The invention relates to a method for identifying spatially extensive image features that are not pixelwise contiguous in digital images according to the claim 1.
Background of the invention is the process of inspecting a printed image in which process there is typically created a reference image in advance and this is compared with a digital image of a printed matter. By a comparison of these two images there is produced a deviation image whose pixels have assigned thereto as brightness values the difference between the respective brightness values of the respectively corresponding pixels of the reference image and of the image of the printed matter. In known methods according to the prior art the respective deviation image is a grayscale image whose pixels indicate the respective color or brightness difference between the digital image of the printed matter to be checked and the reference image. Pixels of the deviation image which have no deviations hereinafter are referred to as background pixels. Pixels whose respectively assigned deviation values exceed a specified threshold value hereinafter are referred to as foreground pixels. In the prior art the groups of contiguous foreground pixels are called features, blobs or connected components. These are spatially extensive and contiguous image features.
From the prior art there is known a plurality of algorithms for finding blobs, also called blob encoding algorithms, which ascertain information items about the relation of directly neighboring foreground pixels from specified images, in particular from the above-mentioned deviation images. In the prior art these algorithms are also referred to as blob or connected-components analysis, blob or connected-components labelling or coloring. Typical methods of this kind are described for example in Rosenfeld A. and Pfaltz J. L., “Sequential Operations in Digital Picture Processing”, Journal of the ACM.—1966.—p. 471-494, Di Stefano L. and Bulgarelli A., “A simple and efficient connected components labelling algorithm”, 10th International Conference on Image Analysis and Processing.—1999, He Lifeng [et al.], “Fast connected-component labelling”, Pattern Recognition.—2009.—p. 1977-1987, Chang Fu and Chen Chun-Jen, “A Component-Labeling Algorithm Using Contour Tracing Technique”, Proceedings of the Seventh International Conference on Document Analysis and Recognition (ICDAR'03).—[see I.]: IEEE, 2003).
From the prior art it is known to detect blobs as groups of contiguous foreground pixels. Within this meaning, two pixels are considered to be contiguous, when there is a path between them which exclusively consists of foreground pixels. As possible paths there come into consideration merely paths which extend between a pixel and its neighboring foreground pixels within four-neighborhoods or eight-neighborhoods, typically the eight-neighborhood being employed.

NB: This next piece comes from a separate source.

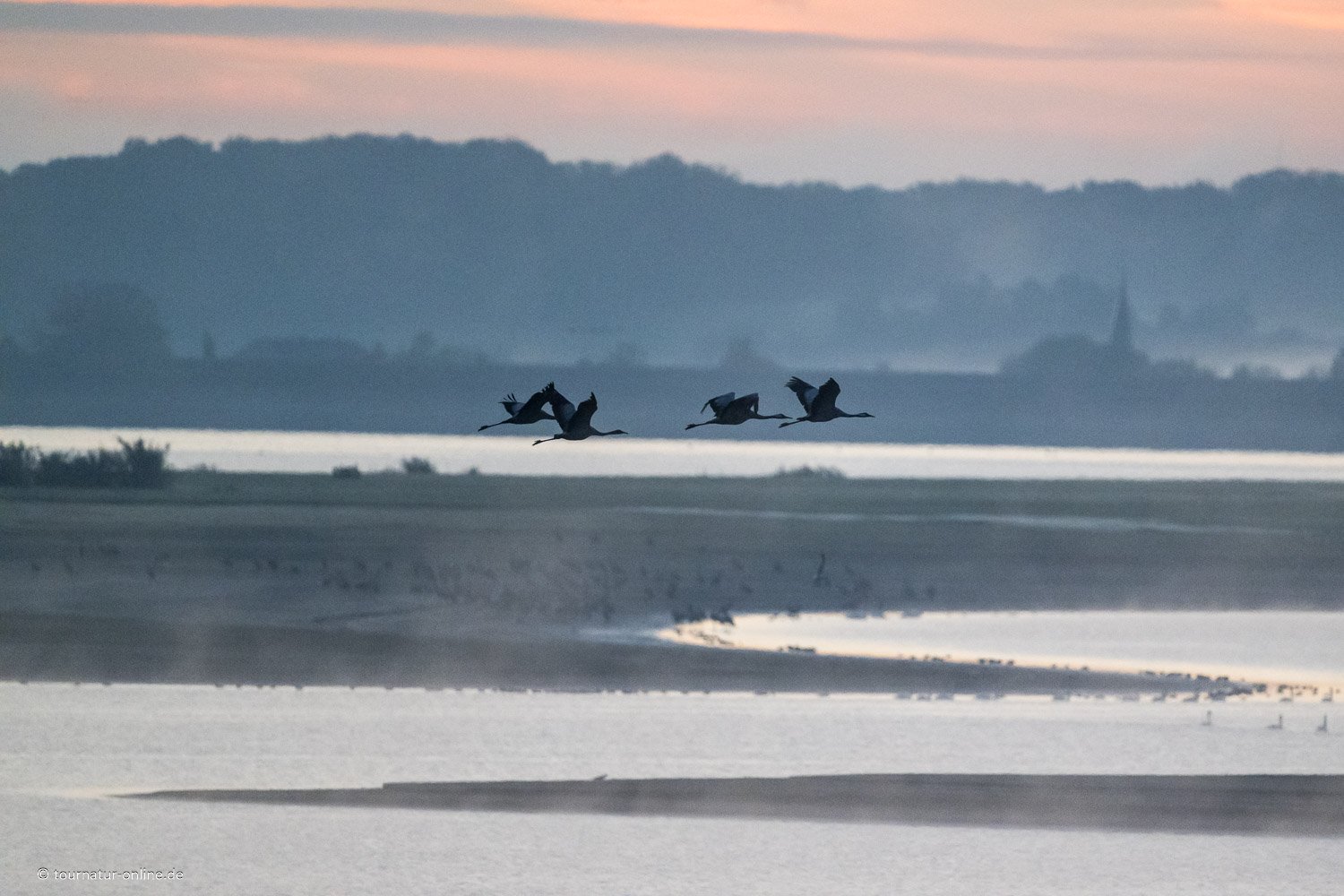 Lac du Der - im Nordosten Frankreichs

A four-neighborhood designates the environment of a pixel, which comprises the upper, lower, right-side and left-side neighboring pixel of the respective pixel. An eight-neighborhood designates an environment around the pixel, which comprises the upper, lower, right-side, left-side as well as all the pixels which meet with the respective pixel at a corner, i.e. the eight-neighborhood further comprises also those pixels which lie above and below the right-side as well as above and below the left-side neighboring pixel.
Any occurring collections of contiguous foreground pixels can be detected as a common, contiguous image feature with means of the prior art. Then, on the basis of the location of the individual image features in the deviation image there can be determined, whether and at most which concrete error value has occurred in the print. The reason or origin of the error cannot be automatically ascertained, which is due to the form and manifestation of the detected feature or blob, and usually requires the visual follow-up check by an expert.
It turns out, however, that accumulations of small, but mutually non-contiguous blobs that are separated by background pixels are caused by similar effects, for example by a large, smudge-like print effect, which is pronounced to different extents over its area and leads to foreground pixels only in partial regions in the deviation image, i.e. that there exist pixels which show no deviation from the reference image. Therefore, the smudge-like print effect appears as a group of a plurality of small smudges separated from each other, which are not detectable as a unit with conventional blob encoding methods. There is thus merely the possibility of detecting these individual partial smudges as such, because the conventional blob detection methods employ only direct neighborhood-relations within the meaning of a four- or eight-neighborhood. It can thus occur that each of these occurring small smudges of foreground pixels alone is not large enough so as to ultimately effect a classification as a printing error, the printing error cannot be recognized as such.